The least I can do is prepare them — gently, subtly — to face the realities that await them. Officially, my job is to get them ready for kindergarten, to prepare them to succeed educationally. But that also means I have a responsibility to do every. single. thing. I can to get them ready for life.It means I have a responsibility to try and change my small part of the world so they have to face fewer grim realities.

It means I am not a saviour, but instead, I’m a stepping stone, a supporting pillar as they reach for the skies that should rightfully be theirs without having to fight so hard for it.

My actions seem small, I know. Taking a deep breath every morning and asking what good I can do for my students is not as overt as joining a Black Lives Matter protest. Choosing to boycott certain media or companies and supporting and donating to others is subtle, but effective. Calling out problematic statements and beliefs in my friends and family is critical, a role that I am embracing more and more lately.
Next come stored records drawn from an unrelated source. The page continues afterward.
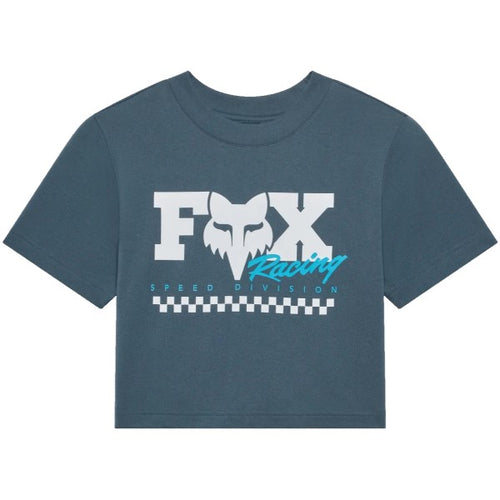 T-Shirt Checker Baby Femme Bleu Foncé de face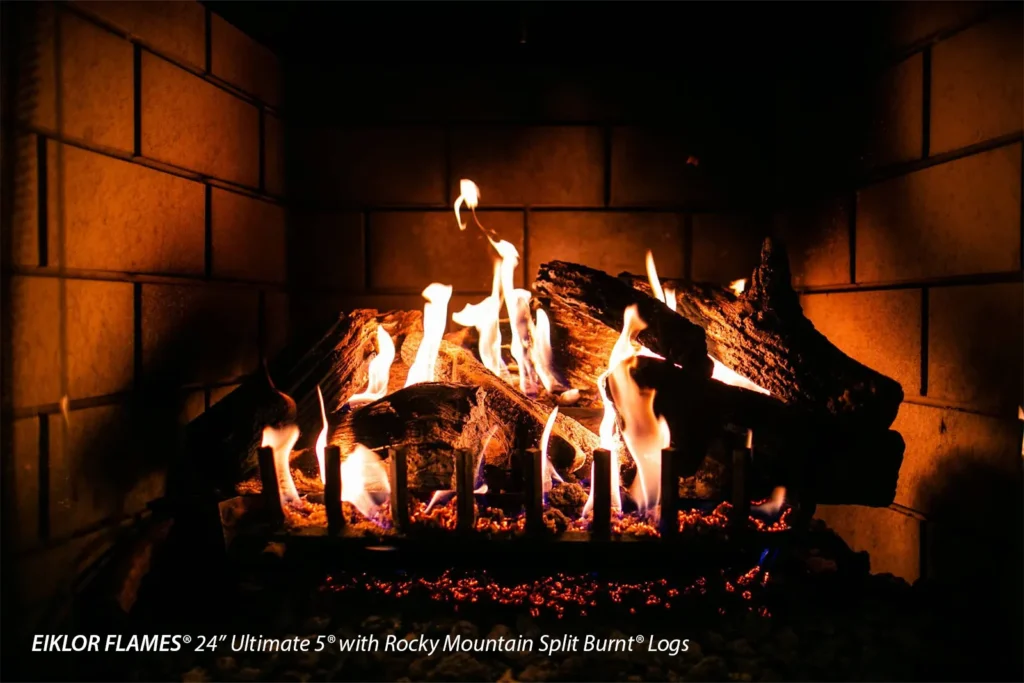 EIKLOR FLAMES 24in Ultimate 5 with Rocky Mountain Split Burnt Logs 02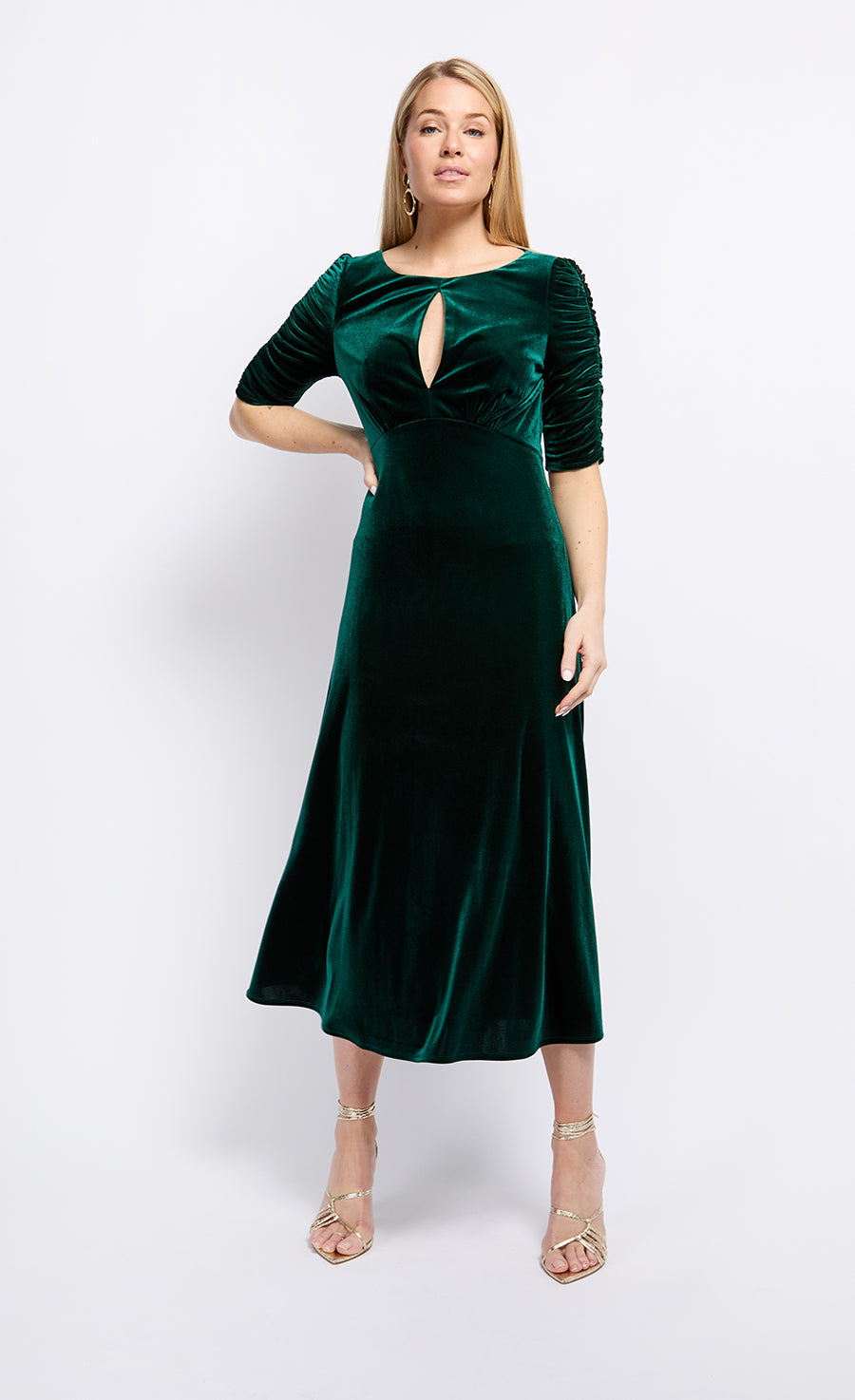 Green Velvet Keyhole Midaxi Dress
That means reminding myself every morning that as a White woman — which comes with its own burdens, of course, there are levels of privilege that should not be discounted — I am in a position of power and I can use it for good or for evil.

Evil is doing nothing, akin to telling Danny that his “uncle” is right.

Good is being conscious of my privilege and doing my best to be an ally, whatever that means in a particular moment.

Good is giving Danny and his friends the tools to succeed and in the meantime, keep chipping away at barriers for him with my wallet and my mouth and my vote.

I can’t claim to a perfect ally or educator or person. But I can damn well do this. I can check my privilege at the metaphorical and literal door and get on with it, no matter how uncomfortable or sad it makes me that I have to.